De : Claire
Date : sam. 17 nov. 2018 01:16
Objet : Victor roulé dans la semoule chez Picard
« Bonjour Cyril,
Excuse-moi de te déranger, je sais que tu es overbooké, mais là j’ai besoin de conseils sérieux… Mon fils Victor travaille chez Picard Surgelés comme vendeur pour un SMIC. Aujourd’hui son chef de secteur vient lui annoncer sa mise à pied immédiate, sans plus d’explications, sans lui donner le motif. Victor me dit qu’il ne sait pas pourquoi, qu’il n’a pas tué de p’tites vieilles, qu’il n’a pas volé dans la caisse… et je le crois. »
Quand j’ai reçu ce message de notre copine Claire, j’ai tremblé pour Picard : est-ce qu’ils savaient bien à qui ils s’attaquaient ?
Victor et sa maman, on les avait rencontrés avec l’affaire de la Dépakine (voir Fakir n° 79). Elle avait bataillé pour que ses fils soient reconnus autistes. Et voilà qu’après Sanofi, un autre grand groupe leur faisait des misères… « J’étais accablé, franchement. Ça a duré des semaines. J’avais envie d’aller casser toutes les vitres du magasin, je pétais une durite », raconte le fiston.
Tout commence après un arrêt de travail suite à un accident. Victor n’est « plus qu’une sous-merde » dans le magasin. Une jeune sous-chef, pas plus vieille que lui, s’amuse à le harceler. « ‘‘Espèce de sale connard, t’as aucune éducation’’, ‘‘Sale chien’’, elle me sortait des trucs comme ça… Ils avaient déjà harcelé une fille juste avant moi, parce qu’elle était lesbienne. » En bon Fakirien, Victor prend l’habitude de tout enregistrer, discrètement. Et contacte le délégué CGT. Du coup, Picard ne se fait pas trop prier pour lui trouver un nouveau poste, et en CDI… Mais cette fois, il est accusé d’avoir paumé neuf tickets de caisse et volé deux paquets de semoule « avec mélange traditionnel de champignons ». Il explose, Victor. « Qu’est-ce que j’en ai à foutre, de leur semoule ? Ma mère l’achète au marché, elle est meilleure, je leur ai dit. On n’accuse pas les gens sans preuve… »

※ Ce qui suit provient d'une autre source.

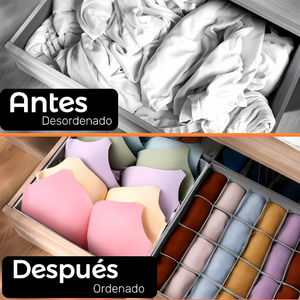 OrdenBox Set x4 | Organizadores de ropa interior -Más orden en menos tiempo + Promo 2x1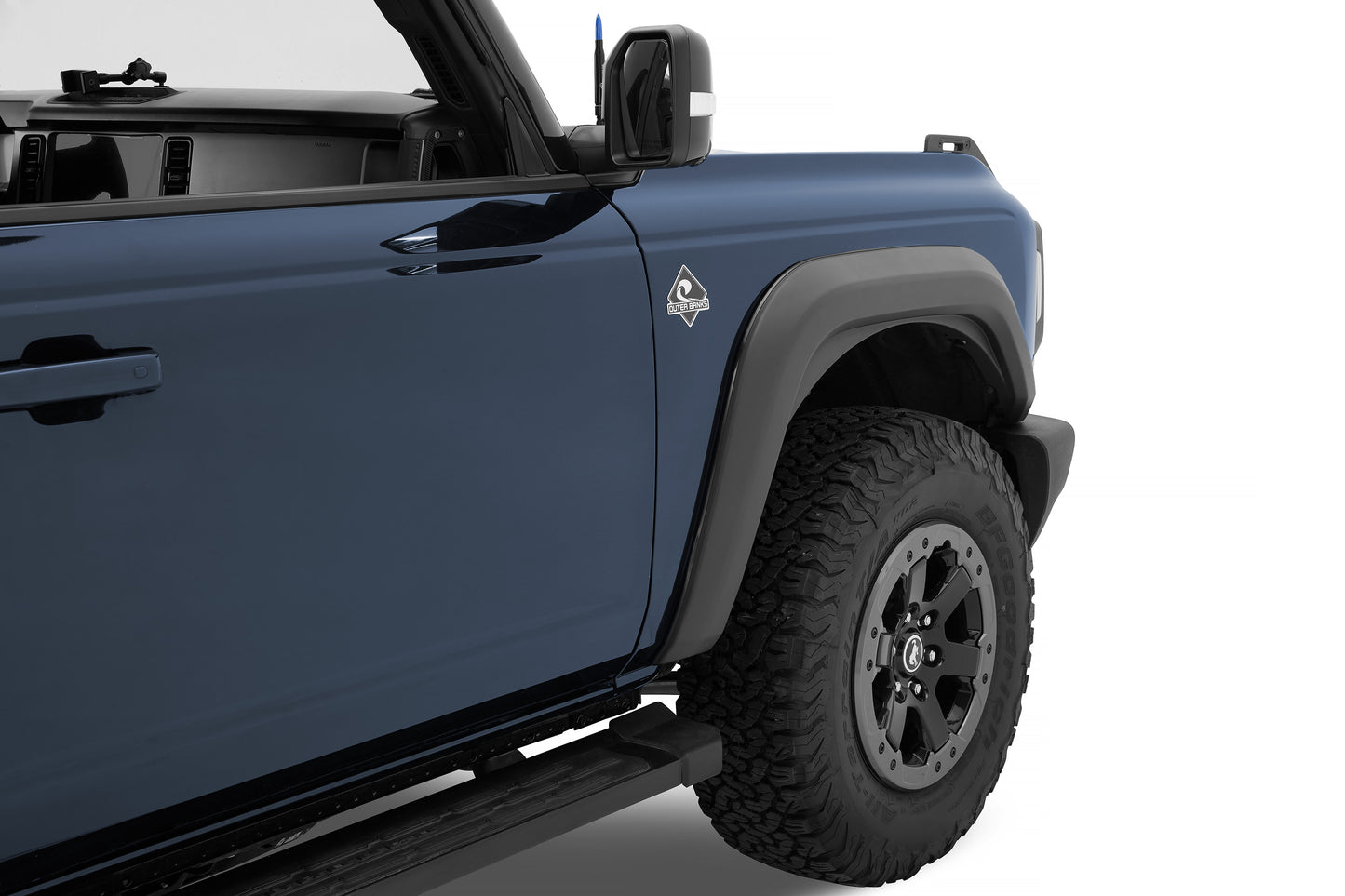 Bronco Fender Flares 21-27 Bronco Black Number of Doors 2-Door Bestop-3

Mais lui accuse le coup. Abattu, presque : « Ils ont le droit, de faire ça, tu sais… » Elle hurle à son tour, Claire. « ‘‘Tu crois ça ? On va voir !’’ je lui ai dit. Moi, c’est ça qui me sidère : qu’ils ne veuillent plus d’un employé, d’accord, mais pourquoi passer par des méthodes comme ça ? Pourquoi les pousser à bout, les dénigrer, et ne pas le licencier simplement, vu que ça ne leur coûte rien ou presque ? » Fâchée, Claire recontacte le délégué syndical, puis croise lors d’une réunion Fakir maître Oudin, qui décide de prendre le cas en mains. L’avocat va sérieusement pimenter l’affaire, et assaisonner les petits plats Picard, montrant la fragilité des accusations. « Moi, tout ce que je voulais, c’est qu’on reconnaisse mon honnêteté. Qu’on ne me traite plus de voleur », plaide Victor. Justement : une ancienne collègue de caisse avoue être l’auteure du vol. Ce qui n’empêche pas Picard de poursuivre la procédure… Tant pis pour eux : les juges des prud’hommes les condamnent finalement à lui verser près de 6000 euros.